EXERCISE DIRECTIONS: Please give back all the records exactly, but keep the pictures out.

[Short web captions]
------------------------

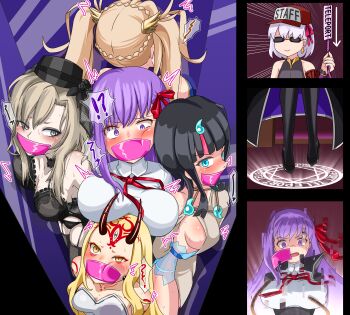 6+girls absurdres baseball_cap bb_(fate) bb_(fate/extra) bdsm black_bra black_hair black_panties blonde_hair blue_eyes bondage bound bra bradamante_(fate) braid breast_rest breasts breasts_on_head commentary_request crown_braid earrings fate/extra fate/grand_order fate_(series) fishnet_thighhighs fishnets full-body_tattoo gag garter_straps grey_eyes hair_ornament hat highres ibaraki_douji_(fate) improvised_gag jewelry kama_(fate) kama_(young)_(fate) kriemhild_(fate) large_breasts magatama magatama_hair_ornament medium_breasts multicolored_hair multiple_girls panties purple_eyes purple_hair red_hair rope sideboob streaked_hair sunglasses tape tape_gag tattoo teleportation thalter39o thighhighs twintails two-tone_hair underwear utsumi_erice utsumi_erice_(lancer) yellow_eyes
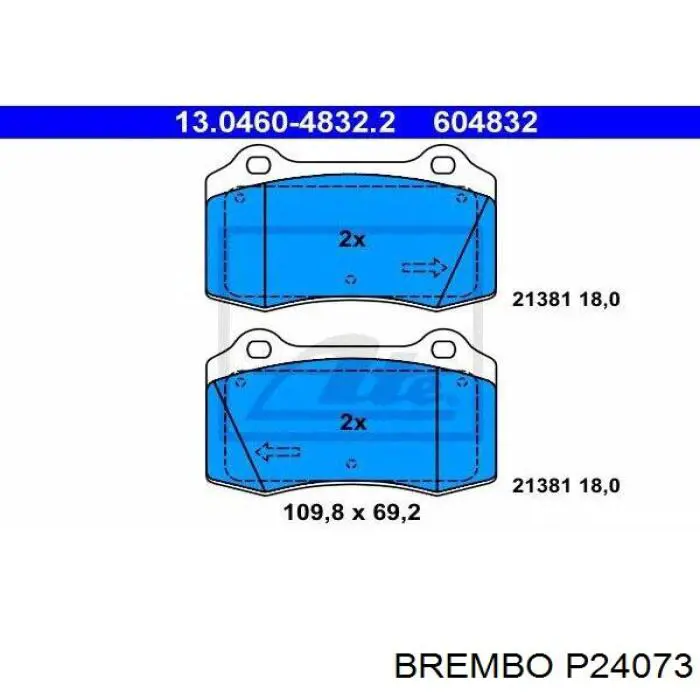 P24073 Brembo Колодки передние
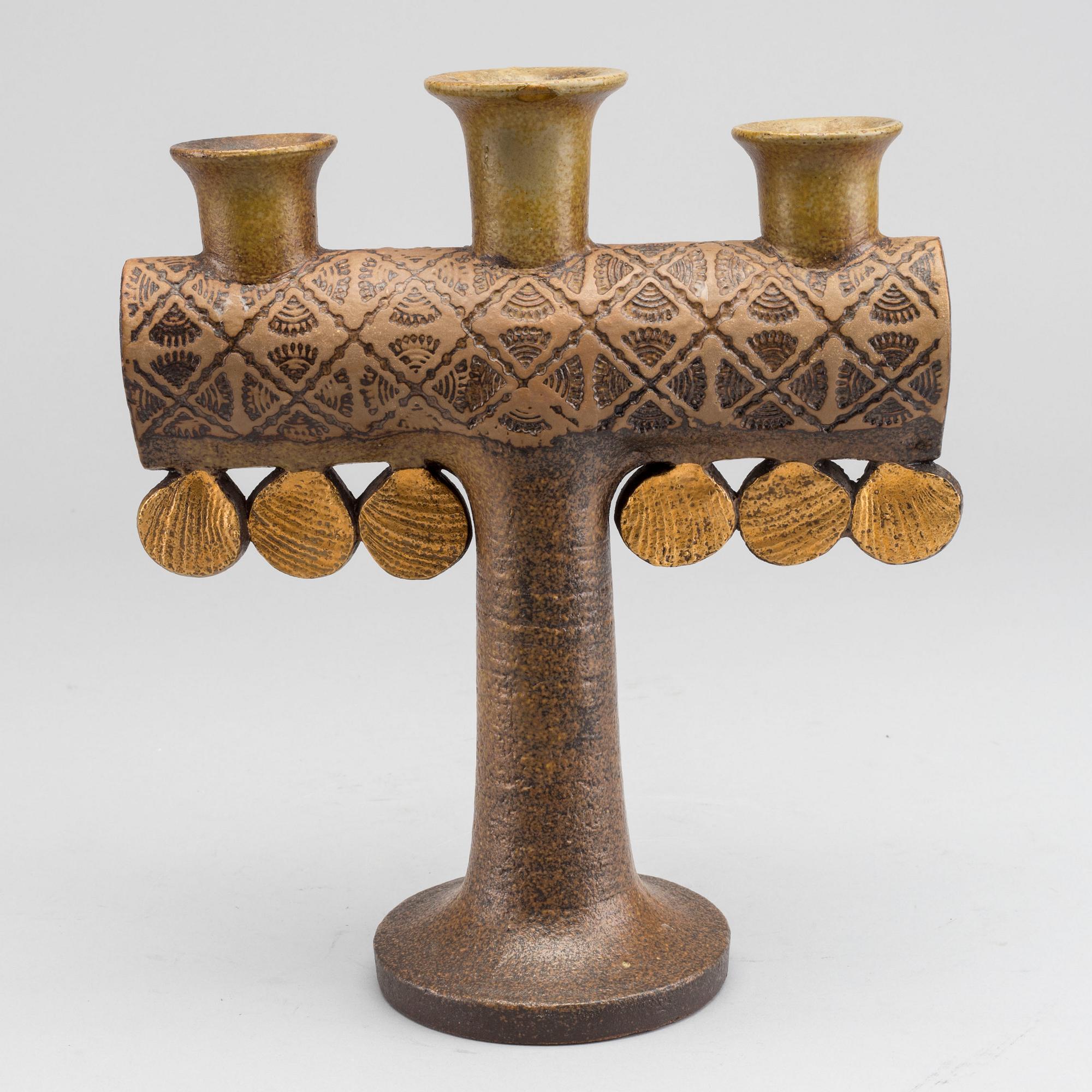 LISA LARSON, kandelaber Gustavsberg 1900-talets senare del stengods.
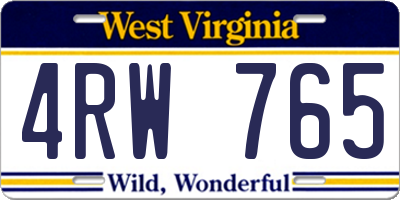 WV license plate 4RW765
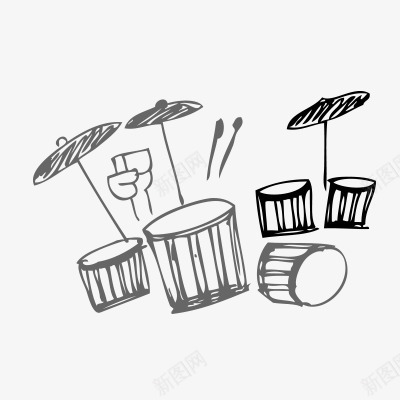 架子鼓png免抠素材_新图网 https://ixintu.com 手绘嘻哈涂鸦架子鼓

------------------------

RESULT OF THE TASK:
 6+girls absurdres baseball_cap bb_(fate) bb_(fate/extra) bdsm black_bra black_hair black_panties blonde_hair blue_eyes bondage bound bra bradamante_(fate) braid breast_rest breasts breasts_on_head commentary_request crown_braid earrings fate/extra fate/grand_order fate_(series) fishnet_thighhighs fishnets full-body_tattoo gag garter_straps grey_eyes hair_ornament hat highres ibaraki_douji_(fate) improvised_gag jewelry kama_(fate) kama_(young)_(fate) kriemhild_(fate) large_breasts magatama magatama_hair_ornament medium_breasts multicolored_hair multiple_girls panties purple_eyes purple_hair red_hair rope sideboob streaked_hair sunglasses tape tape_gag tattoo teleportation thalter39o thighhighs twintails two-tone_hair underwear utsumi_erice utsumi_erice_(lancer) yellow_eyes
 P24073 Brembo Колодки передние
 LISA LARSON, kandelaber Gustavsberg 1900-talets senare del stengods.
 WV license plate 4RW765
 架子鼓png免抠素材_新图网 https://ixintu.com 手绘嘻哈涂鸦架子鼓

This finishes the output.